Posted May 22, 2015 0:10 UTC (Fri) by flussence (guest, #85566) [Link]

> ...then WTF are you upgrading a production-critical database at all?

Working under people who won't budget enough to allow the developers to do their job sanely?

PostgreSQL: the good, the bad, and the ugly

Posted May 22, 2015 19:04 UTC (Fri) by dlang (guest, #313) [Link] (3 responses)

> Never, never, never do live upgrades of critical stuff.

you don't always have the storage to be able to replicate everything to a new copy for the upgrade.

Even if you can, how do you make the new copy have everything the old copy has if the old copy is continually being updated.

At some point you have to stop updates to the old copy so that you can be sure the new copy has everything before you cut over to it. If you have real-time replication to a copy that's got the same performance/redundancy as your primary (the slony approach that's mentioned several times here), then you can make the outage very short.

But if you aren't setup that way, you have to either never convert, or convert in place.

PostgreSQL: the good, the bad, and the ugly

Posted May 22, 2015 22:14 UTC (Fri) by pizza (subscriber, #46) [Link] (2 responses)

> you don't always have the storage to be able to replicate everything to a new copy for the upgrade.

You mean to tell me that you don't have any sort of backup for your system, at all? "pg_dump | xz > dump.xz" takes less space than the live PG database.

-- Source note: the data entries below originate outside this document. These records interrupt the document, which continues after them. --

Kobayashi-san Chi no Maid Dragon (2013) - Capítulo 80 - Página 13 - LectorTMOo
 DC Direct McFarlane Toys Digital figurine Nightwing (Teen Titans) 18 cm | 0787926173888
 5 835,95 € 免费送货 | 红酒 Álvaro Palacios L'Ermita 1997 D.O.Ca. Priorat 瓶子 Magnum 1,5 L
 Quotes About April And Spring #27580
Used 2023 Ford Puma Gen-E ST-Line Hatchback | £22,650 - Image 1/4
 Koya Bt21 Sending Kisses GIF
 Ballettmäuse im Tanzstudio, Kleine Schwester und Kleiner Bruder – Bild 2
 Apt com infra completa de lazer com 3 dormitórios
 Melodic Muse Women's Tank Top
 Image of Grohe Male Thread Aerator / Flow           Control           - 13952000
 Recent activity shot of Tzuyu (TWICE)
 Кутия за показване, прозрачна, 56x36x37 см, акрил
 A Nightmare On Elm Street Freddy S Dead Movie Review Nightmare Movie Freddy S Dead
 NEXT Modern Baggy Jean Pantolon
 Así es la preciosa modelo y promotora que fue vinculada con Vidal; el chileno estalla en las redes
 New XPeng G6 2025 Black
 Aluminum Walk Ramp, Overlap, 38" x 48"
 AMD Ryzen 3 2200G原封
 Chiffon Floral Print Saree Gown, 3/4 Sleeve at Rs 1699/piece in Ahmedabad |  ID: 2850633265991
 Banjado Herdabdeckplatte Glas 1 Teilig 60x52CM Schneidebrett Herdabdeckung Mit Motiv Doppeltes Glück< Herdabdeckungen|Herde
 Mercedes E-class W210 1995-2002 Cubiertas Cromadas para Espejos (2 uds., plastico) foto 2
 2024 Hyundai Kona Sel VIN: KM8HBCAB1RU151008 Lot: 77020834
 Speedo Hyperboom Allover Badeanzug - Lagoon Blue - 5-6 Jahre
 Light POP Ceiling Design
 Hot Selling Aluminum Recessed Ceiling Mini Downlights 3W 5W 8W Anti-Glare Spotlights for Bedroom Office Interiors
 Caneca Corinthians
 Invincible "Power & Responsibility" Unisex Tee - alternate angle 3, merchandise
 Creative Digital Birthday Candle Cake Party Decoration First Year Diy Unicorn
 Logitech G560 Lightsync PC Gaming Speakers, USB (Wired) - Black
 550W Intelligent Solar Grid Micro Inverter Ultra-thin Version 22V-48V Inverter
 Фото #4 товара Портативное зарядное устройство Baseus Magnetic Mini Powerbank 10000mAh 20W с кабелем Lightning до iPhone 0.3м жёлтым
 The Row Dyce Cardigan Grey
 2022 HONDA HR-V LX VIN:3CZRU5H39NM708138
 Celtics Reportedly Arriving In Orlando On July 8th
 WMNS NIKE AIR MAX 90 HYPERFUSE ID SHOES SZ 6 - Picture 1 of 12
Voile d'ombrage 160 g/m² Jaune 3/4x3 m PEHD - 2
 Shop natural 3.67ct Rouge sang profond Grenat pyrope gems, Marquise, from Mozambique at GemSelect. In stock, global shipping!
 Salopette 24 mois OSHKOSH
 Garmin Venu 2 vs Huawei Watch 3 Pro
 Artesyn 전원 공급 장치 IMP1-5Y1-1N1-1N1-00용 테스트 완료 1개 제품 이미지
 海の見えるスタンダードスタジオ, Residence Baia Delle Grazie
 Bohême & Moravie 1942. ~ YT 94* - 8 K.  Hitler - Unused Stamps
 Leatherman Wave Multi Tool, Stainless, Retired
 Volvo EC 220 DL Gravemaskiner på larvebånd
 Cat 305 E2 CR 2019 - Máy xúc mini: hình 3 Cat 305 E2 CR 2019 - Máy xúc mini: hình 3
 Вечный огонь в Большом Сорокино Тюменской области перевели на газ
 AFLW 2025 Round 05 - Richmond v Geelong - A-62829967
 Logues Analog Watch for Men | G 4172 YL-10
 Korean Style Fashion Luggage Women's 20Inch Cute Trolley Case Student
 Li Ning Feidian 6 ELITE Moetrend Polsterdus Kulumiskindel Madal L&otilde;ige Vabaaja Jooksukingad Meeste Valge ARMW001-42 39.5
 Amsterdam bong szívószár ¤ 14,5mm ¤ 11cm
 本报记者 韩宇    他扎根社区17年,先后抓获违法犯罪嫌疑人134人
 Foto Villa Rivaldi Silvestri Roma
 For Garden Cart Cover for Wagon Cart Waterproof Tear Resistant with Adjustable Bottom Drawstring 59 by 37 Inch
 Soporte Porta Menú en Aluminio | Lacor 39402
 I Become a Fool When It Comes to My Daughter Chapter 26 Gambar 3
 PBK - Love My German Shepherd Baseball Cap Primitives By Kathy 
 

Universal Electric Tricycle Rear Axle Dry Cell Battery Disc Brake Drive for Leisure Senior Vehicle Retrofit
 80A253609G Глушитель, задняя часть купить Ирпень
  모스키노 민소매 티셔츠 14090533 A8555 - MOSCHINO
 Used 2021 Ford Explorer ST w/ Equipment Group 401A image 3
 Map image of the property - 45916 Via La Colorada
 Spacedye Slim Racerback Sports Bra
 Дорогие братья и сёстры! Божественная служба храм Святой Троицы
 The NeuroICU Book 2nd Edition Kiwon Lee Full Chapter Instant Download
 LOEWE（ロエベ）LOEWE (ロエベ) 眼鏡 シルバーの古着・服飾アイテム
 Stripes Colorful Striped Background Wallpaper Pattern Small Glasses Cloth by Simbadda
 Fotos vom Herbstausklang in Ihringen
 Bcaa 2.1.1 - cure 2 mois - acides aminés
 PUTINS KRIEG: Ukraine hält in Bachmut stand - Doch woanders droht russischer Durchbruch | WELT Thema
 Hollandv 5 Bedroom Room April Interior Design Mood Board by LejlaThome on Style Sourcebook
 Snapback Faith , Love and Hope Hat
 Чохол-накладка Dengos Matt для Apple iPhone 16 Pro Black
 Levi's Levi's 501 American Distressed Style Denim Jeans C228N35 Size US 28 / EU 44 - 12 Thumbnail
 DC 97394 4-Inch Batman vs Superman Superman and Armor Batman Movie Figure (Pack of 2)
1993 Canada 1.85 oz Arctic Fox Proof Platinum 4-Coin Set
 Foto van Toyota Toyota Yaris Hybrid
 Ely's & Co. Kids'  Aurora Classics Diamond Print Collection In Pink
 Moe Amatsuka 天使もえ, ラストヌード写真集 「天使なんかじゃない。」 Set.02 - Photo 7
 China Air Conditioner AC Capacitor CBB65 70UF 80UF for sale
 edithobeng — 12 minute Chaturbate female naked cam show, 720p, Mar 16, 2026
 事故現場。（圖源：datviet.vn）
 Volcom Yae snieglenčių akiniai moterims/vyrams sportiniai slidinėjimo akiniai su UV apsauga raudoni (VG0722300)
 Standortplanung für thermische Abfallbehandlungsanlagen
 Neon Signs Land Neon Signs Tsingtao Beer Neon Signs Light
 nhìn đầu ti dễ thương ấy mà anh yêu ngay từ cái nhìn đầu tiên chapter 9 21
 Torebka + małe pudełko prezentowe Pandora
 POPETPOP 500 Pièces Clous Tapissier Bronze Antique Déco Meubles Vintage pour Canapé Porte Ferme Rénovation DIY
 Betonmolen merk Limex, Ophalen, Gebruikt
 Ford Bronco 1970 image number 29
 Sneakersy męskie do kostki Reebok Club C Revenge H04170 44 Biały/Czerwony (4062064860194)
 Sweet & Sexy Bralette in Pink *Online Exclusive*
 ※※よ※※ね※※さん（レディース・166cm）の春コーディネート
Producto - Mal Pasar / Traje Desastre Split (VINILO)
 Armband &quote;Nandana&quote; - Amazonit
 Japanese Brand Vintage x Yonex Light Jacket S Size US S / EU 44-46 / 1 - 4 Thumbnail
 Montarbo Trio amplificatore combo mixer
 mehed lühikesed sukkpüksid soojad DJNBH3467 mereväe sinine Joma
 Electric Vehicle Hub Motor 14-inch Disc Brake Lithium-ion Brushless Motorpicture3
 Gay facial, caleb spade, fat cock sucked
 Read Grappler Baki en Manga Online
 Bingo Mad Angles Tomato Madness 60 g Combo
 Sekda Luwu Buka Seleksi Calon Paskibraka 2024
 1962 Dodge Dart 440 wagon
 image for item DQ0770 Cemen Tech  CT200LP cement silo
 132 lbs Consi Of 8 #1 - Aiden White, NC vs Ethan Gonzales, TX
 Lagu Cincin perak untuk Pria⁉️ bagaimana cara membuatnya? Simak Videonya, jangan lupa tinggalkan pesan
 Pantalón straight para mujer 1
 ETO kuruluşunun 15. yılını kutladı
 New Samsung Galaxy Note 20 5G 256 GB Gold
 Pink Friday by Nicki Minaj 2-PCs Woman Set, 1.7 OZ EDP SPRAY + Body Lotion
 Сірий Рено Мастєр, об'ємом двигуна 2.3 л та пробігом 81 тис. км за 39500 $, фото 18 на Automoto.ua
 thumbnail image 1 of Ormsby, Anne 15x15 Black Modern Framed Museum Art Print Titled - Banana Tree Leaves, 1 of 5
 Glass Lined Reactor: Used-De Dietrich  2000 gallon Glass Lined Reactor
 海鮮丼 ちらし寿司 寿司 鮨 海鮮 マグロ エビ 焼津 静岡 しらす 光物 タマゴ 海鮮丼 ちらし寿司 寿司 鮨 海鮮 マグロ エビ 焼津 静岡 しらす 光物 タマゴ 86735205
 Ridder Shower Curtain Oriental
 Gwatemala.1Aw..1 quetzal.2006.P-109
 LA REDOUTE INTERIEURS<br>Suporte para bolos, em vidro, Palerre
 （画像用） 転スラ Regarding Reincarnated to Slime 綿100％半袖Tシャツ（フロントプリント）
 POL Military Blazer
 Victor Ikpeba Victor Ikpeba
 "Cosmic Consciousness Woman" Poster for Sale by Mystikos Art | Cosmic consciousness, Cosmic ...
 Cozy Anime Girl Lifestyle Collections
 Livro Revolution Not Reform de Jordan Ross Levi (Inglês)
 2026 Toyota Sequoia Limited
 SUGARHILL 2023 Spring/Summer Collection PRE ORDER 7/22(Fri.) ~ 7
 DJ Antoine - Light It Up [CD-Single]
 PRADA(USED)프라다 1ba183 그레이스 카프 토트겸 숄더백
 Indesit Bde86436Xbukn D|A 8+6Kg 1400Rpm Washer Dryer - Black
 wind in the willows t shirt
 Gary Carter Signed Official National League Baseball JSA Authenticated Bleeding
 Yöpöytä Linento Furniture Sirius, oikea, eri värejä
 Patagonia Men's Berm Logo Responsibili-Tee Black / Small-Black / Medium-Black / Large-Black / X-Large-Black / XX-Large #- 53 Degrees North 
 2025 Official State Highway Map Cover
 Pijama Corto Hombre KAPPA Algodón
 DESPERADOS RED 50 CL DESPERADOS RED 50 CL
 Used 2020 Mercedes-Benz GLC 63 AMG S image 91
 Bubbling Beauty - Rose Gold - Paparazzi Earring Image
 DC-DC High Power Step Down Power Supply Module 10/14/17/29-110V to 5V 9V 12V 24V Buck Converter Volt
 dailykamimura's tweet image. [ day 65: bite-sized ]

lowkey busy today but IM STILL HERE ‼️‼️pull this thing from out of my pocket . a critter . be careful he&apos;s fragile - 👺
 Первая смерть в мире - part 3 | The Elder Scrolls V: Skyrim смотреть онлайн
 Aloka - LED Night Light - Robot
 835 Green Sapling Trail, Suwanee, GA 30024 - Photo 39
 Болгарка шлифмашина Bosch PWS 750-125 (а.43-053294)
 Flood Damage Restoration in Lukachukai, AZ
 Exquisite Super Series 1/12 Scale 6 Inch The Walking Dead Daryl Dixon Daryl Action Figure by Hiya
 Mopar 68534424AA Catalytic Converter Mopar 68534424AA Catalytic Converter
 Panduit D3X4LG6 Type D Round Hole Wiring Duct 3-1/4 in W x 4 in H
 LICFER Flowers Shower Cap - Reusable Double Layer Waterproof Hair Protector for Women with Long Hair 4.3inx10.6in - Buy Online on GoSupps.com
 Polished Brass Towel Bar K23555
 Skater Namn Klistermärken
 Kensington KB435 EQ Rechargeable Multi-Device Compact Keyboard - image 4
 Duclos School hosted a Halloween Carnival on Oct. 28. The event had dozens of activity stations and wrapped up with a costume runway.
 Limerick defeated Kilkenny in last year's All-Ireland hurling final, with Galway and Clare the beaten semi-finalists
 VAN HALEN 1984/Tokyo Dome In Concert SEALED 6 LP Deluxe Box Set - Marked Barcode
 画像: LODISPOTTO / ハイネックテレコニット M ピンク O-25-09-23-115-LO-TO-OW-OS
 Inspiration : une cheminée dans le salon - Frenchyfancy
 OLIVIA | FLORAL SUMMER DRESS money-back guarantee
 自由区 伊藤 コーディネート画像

Again, I stand by my assertion that performing live upgrades of mission-critical stuff is a horrendously bad idea. Justifying it with excuses about lacking sufficient resources to do this properly is even worse, because that tells me you're one failure away from being put out of business entirely.

> But if you aren't setup that way, you have to either never convert, or convert in place.

I'm not saying converting in place is necessarily the wrong thing to do.. just that doing it on a live system with no fallback option is insane -- What it there turns out to be an application bug with the new DB?

PostgreSQL: the good, the bad, and the ugly

Posted May 22, 2015 22:18 UTC (Fri) by andresfreund (subscriber, #69562) [Link]

> Again, I stand by my assertion that performing live upgrades of mission-critical stuff is a horrendously bad idea.

I think that's a statement pretty far away from reality. If downtimes cost you in some form or another, and dump/restore type upgrades take a long while due to the amount of data, in-place isn't a bad idea.

> just that doing it on a live system with no fallback option is insane -- What it there turns out to be an application bug with the new DB?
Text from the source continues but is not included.